> **Problem to solve**: Exactly the lines below from the line with "December 7, 5:04 pm" through the line with "AIGNER - Top" must make up the answer, both ends included and pictures left out.

> **Supplied records**:
########
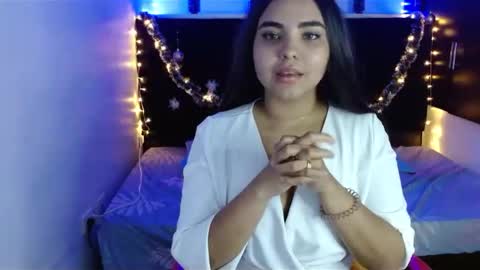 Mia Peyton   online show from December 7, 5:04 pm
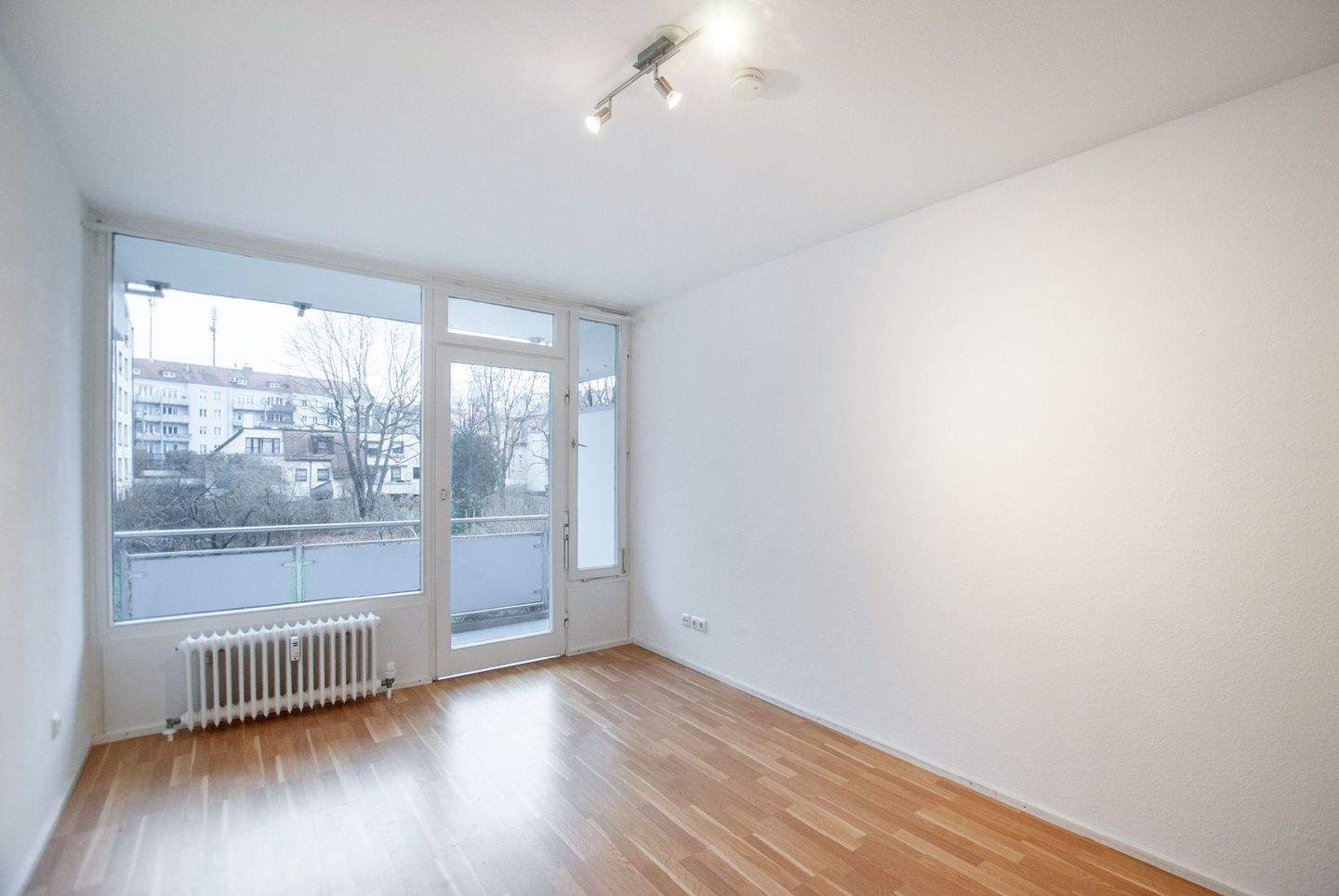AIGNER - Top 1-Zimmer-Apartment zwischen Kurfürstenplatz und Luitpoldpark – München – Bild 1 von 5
########
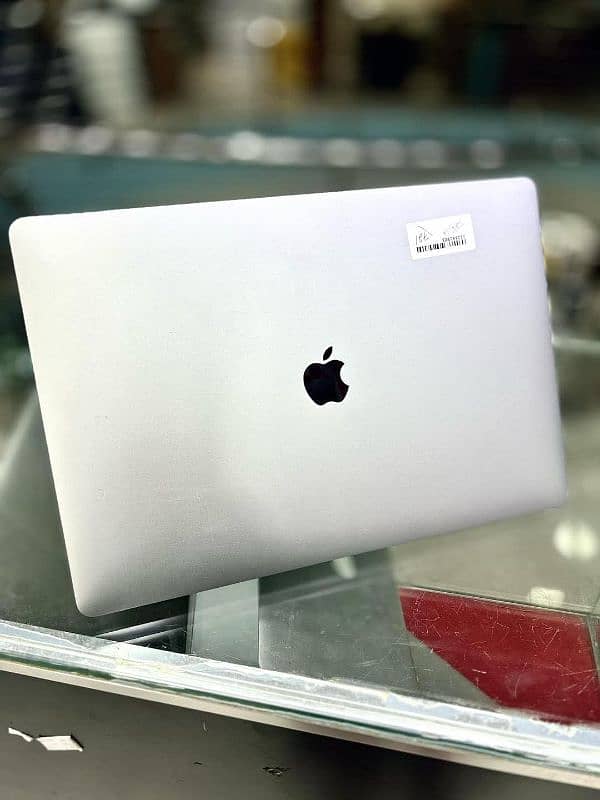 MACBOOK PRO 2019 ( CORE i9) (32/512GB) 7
########
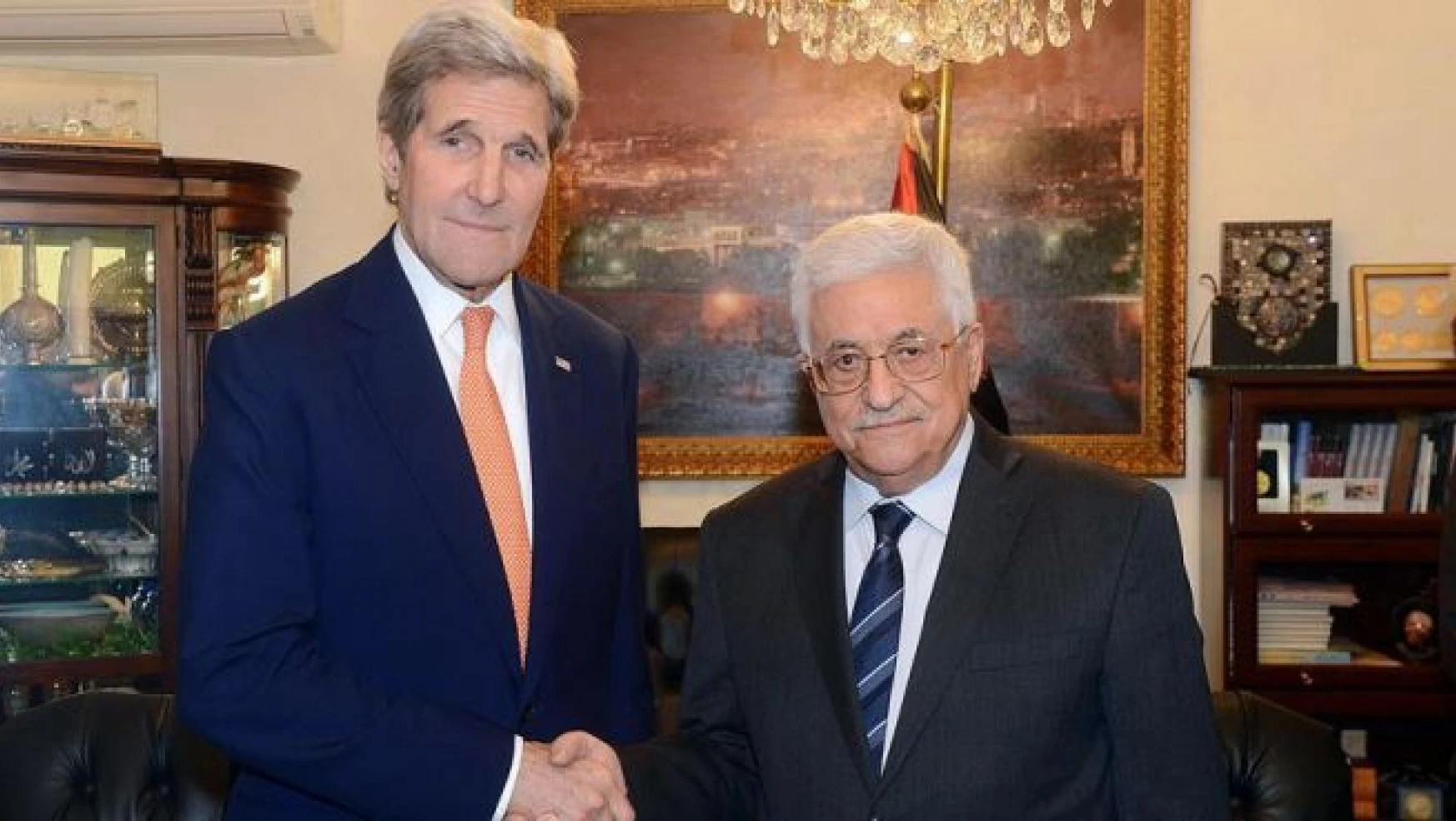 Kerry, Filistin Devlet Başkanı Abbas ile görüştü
########
> **Problem solution**:
 Mia Peyton   online show from December 7, 5:04 pm
AIGNER - Top 1-Zimmer-Apartment zwischen Kurfürstenplatz und Luitpoldpark – München – Bild 1 von 5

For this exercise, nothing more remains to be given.